Marzouk Mejri: costruire il ney tra tradizione orale e sperimentazione contemporanea

Tunisino di nascita e napoletano d’adozione dal 1994, Marzouk Mejri vanta un percorso artistico che intreccia tradizione orale, ricerca timbrica e sperimentazione, ponendo al centro del proprio lavoro il dialogo fra le culture musicali del Nord Africa e quelle dell’Europa meridionale. Cantautore, compositore e polistrumentista, Mejri padroneggia un ampio spettro di strumenti della tradizione maghrebina e mediterranea, tra cui il ney, il mezued, lo zukra, oltre a un articolato set di membranofoni quali darbuka, bendir e tar. Nato a Tebourba, a nord-est di Tunisi, all’interno di una famiglia di musicisti, viene avviato precocemente alla pratica musicale dal padre, maestro di percussioni (rullante e darbuka), che ne orienta la formazione iniziale. Questo percorso si consolida con il diploma in percussioni conseguito presso il Conservatorio di Tunisi, base tecnica e teorica da cui prenderà avvio una ricerca personale sempre più ampia, non limitata all’esecuzione ma estesa all’organologia e alla riflessione sui materiali sonori. 
Dopo il trasferimento a Napoli, città che diventa il suo principale laboratorio artistico, Mejri fonda il Marzouk Ensemble, progetto con cui inizia a rileggere il patrimonio musicale tunisino in chiave contemporanea. Successivamente dà vita, insieme al trombettista canadese Charles Ferris e al DJ e produttore torinese Ghiaccioli e Branzini, ai Fanfara Station, formazione che rielabora il malouf tunisino attraverso l’innesto di elettronica, fiati bandistici e linguaggi urbani, ottenendo un significativo riscontro anche in ambito internazionale.
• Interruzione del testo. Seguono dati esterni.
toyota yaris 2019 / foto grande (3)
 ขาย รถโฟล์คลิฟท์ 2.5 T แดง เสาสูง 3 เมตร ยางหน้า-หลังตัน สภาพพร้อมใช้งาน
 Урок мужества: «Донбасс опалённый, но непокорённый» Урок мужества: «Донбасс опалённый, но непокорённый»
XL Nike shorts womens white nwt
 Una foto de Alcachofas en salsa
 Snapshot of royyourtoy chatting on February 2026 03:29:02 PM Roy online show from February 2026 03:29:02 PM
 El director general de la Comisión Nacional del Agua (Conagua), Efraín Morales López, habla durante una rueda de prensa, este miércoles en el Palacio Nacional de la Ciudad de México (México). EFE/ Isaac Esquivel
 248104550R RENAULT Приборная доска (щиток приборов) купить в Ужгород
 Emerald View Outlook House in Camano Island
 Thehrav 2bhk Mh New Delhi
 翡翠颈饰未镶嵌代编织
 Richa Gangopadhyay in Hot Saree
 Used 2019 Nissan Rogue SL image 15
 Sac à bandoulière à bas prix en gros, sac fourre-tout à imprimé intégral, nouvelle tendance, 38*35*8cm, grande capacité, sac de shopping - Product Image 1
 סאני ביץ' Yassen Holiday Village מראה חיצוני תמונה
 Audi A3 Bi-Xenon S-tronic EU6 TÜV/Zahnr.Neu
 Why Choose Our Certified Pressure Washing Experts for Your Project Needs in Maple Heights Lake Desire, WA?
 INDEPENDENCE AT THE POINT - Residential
Più recentemente il progetto Maluf System con il chitarrista, oudista e accademico napoletano Salvatore Morra, che definiscono come “movimento di post-revival del mālūf” con cui ha inciso “Eddiwen”  per Liburia Records. Nel corso della sua carriera, Marzouk Mejri ha collaborato con numerosi protagonisti della scena musicale italiana —
tra cui Daniele Sepe, James Senese, Peppe Barra, 99 Posse, Eduardo De Crescenzo, Enzo Avitabile, Modena City Ramblers, Nuova Compagnia di Canto Popolare e Nu Genea — muovendosi con naturalezza tra jazz, musiche di tradizione orale, canzone d’autore e pratiche sperimentali. È in questo intreccio di musica, artigianato, memoria e sperimentazione che si colloca anche il lavoro di Mejri come costruttore di ney, flauto obliquo ad imboccatura terminale appartenente alla famiglia degli aerofoni a fessura. I ney costruiti dal musicista tunisino non sono concepiti come strumenti standardizzati, ma come oggetti sonori unici, strettamente connessi alla materia prima e alla relazione fisica con l’esecutore. La canna utilizzata non è il bambù — spesso impropriamente indicato come tale — bensì canna palustre di fiume o di lago (Arundo donax), selezionata secondo criteri morfologici rigorosi: maturità della pianta, regolarità e distanza degli internodi, presenza del diaframma naturale e leggerezza complessiva del tubo. La fase di selezione avviene direttamente sul campo, presso corsi d’acqua o bacini lacustri. Contrariamente a una lavorazione esclusivamente meccanica, Mejri interviene manualmente anche sull’interno del tubo, effettuando una svuotatura parziale mediante punte lunghe e abrasione con carta vetrata. Questo passaggio risulta cruciale dal punto di vista acustico: una canna eccessivamente carnosa smorza la vibrazione, mentre una svuotatura totale compromette il carattere timbrico dello strumento, trasformandolo in un semplice tubo risonante e privandolo del tipico fruscio aerodinamico che costituisce una componente essenziale del suono del ney. Uno degli aspetti più rilevanti della pratica liuteristica di Mejri riguarda il sistema di misurazione dei fori e la questione dell’intonazione. Il punto di riferimento iniziale è una nota fondamentale denominata Radded nella tradizione tunisina. A partire da questa, la canna viene suddivisa secondo rapporti proporzionali: dapprima in due sezioni (con uno spostamento di
circa un centimetro verso l’imboccatura), quindi in quattro e successivamente in tre, seguendo una logica frazionaria di derivazione orale piuttosto che teorico-matematica. In una prima fase, tale metodologia produce strumenti pienamente funzionali all’interno del sistema modale tradizionale. Tuttavia, il confronto con strumenti a intonazione temperata (pianoforte, chitarra, fiati occidentali) rende necessaria una revisione del metodo. Mejri introduce quindi l’uso sistematico dell’accordatore elettronico, sacrificando numerosi strumenti nel processo, fino a comprendere i meccanismi di compensazione necessari per rendere il ney compatibile con contesti musicali misti, senza comprometterne l’identità timbrica. Questo passaggio rappresenta un punto di contatto particolarmente significativo tra organologia tradizionale e prassi musicale contemporanea, aprendo il ney a forme di dialogo interculturale esteso. Abbiamo incontrato Marzouk Mejri nella sua casa-laboratorio per approfondire la sua pratica di costruzione del ney, di cui è oggi profondo conoscitore e depositario.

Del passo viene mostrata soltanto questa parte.